View Full Version : What are the 5 taste buds on ur tongue?


FaHaD
30-05-05, 03:17 PM
Recently new taste buds have been discovered. You can add them to ur school notes.

could u list them?

DeSerTDesTroYeR
30-05-05, 04:08 PM
-sweet
-sour
-bitter
-chilli
-salty

:p

Blossom
30-05-05, 04:17 PM
1- sweet
2- salty
3- bitter
4- sour
5- umami

Pineapple Thief
30-05-05, 10:15 PM
sweet sour bitter

...salty wasnt a tastebud...

chocolate and.......vanilla? :os

Shinoda LP
30-05-05, 11:14 PM
These threads are seriously creeping my 5 senses out! :shut:

FaHaD
31-05-05, 12:03 PM
Shinoda Lp.. u got four correct... Sour, salty, bitter and sweet...
chilli is not a taste bud..

Blossom got them all correct..
Umami is the latest taste bud discovered...

but what is UMAMI

Dr N
31-05-05, 10:47 PM
Err fahad, I think you meant DD, lol, and not Shinoda!

Paradise Babe
31-05-05, 10:54 PM
Umami is the term that identifies the taste of substances such as L-glutamate salts, which were discovered by Ikeda in 1908. Umami is an important taste element in natural foods; it is the main taste in the Japanese stock "dashi," and in bouillon and other stocks in the West. The umami taste has characteristic qualities that differentiate it from other tastes, including a taste-enhancing synergism between two umami compounds, L-glutamate and 5'-ribonulceotides, and a prolonged aftertaste. The key qualitative and quantitative features of umami are reviewed in this paper. The continued study of the umami taste will help to further our general understanding of the taste process and improve our knowledge of how the taste properties of foods contribute to appropriate food selection and good nutrition.

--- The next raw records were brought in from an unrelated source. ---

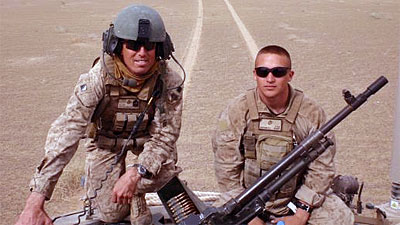 Sgt. Major Robert J. Cottle, 45, left, and Marine Lance Cpl. Rick J. Centanni, 19, stationed in Afghanistan.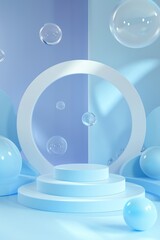 front view of 3d product mockup scene for products, relatively empty scene, plain colour, pastel colour 2:3, blue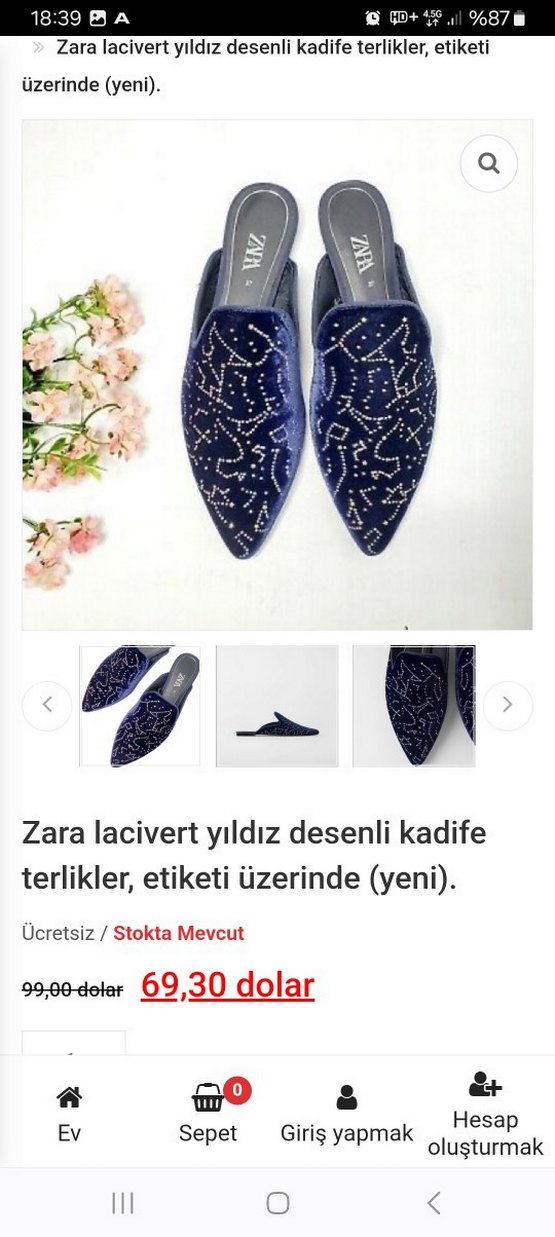 Zara Kadın Lacivert terlik - Görsel 2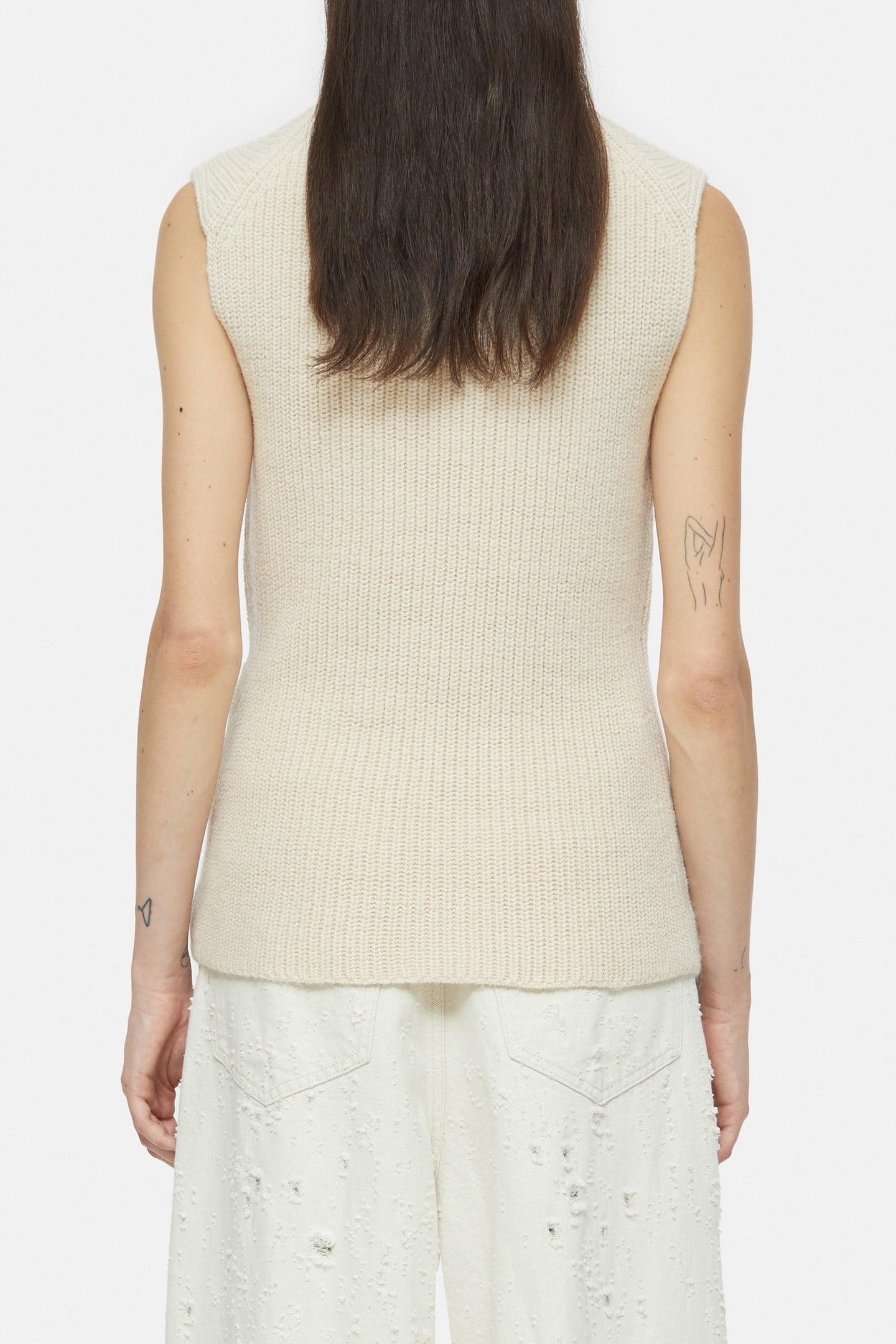 TURTLE NECK VEST KNITS IVORY 3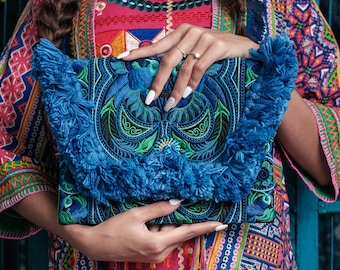 Blue Clutch Bag/Ipad Holder with Bird Pattern Hmong Embroidered Pattern, Tassels, Bohemian Clutch Bag, Festival Bag - BG0040-00-BLU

More details.... (http://www.glutamate.org/media/glutamate.htm)

Lym
31-05-05, 10:54 PM
PB source says :


At the beginning of the twentieth century, Professor Kikunae Ikeda of Tokyo Imperial University was thinking about the taste of food: "There is a taste which is common to asparagus, tomatoes, cheese and meat but which is not one of the four well-known tastes of sweet, sour, bitter and salty."

It was in 1907 that Professor Ikeda started his experiments to identify what the source of this distinctive taste was. He knew that it was present in the "broth" made from kombu (a type of seaweed) found in traditional Japanese cuisine. Starting with a tremendous quantity of kombu broth, he succeeded in extracting crystals of glutamic acid (or glutamate). Glutamate is an amino acid, and is a building block of protein. Professor Ikeda found that glutamate had a distinctive taste, different from sweet, sour, bitter and salty, and he named it "umami". 100 grams of dried kombu contain about 1 gram of glutamate.

A New Product

Professor Ikeda decided to make a seasoning using his newly-isolated glutamate. To be used as seasoning, glutamate had to have some of the same physical characteristics which are found, for example, in sugar and salt: it had to be easily soluble in water but neither absorb humidity nor solidify. Professor Ikeda found that monosodium glutamate had good storage properties and a strong umami or savoury taste. It turned out to be an ideal seasoning. Because monosodium glutamate has no smell or specific texture of its own, it can be used in many different dishes where it naturally enhances the original flavor of the food.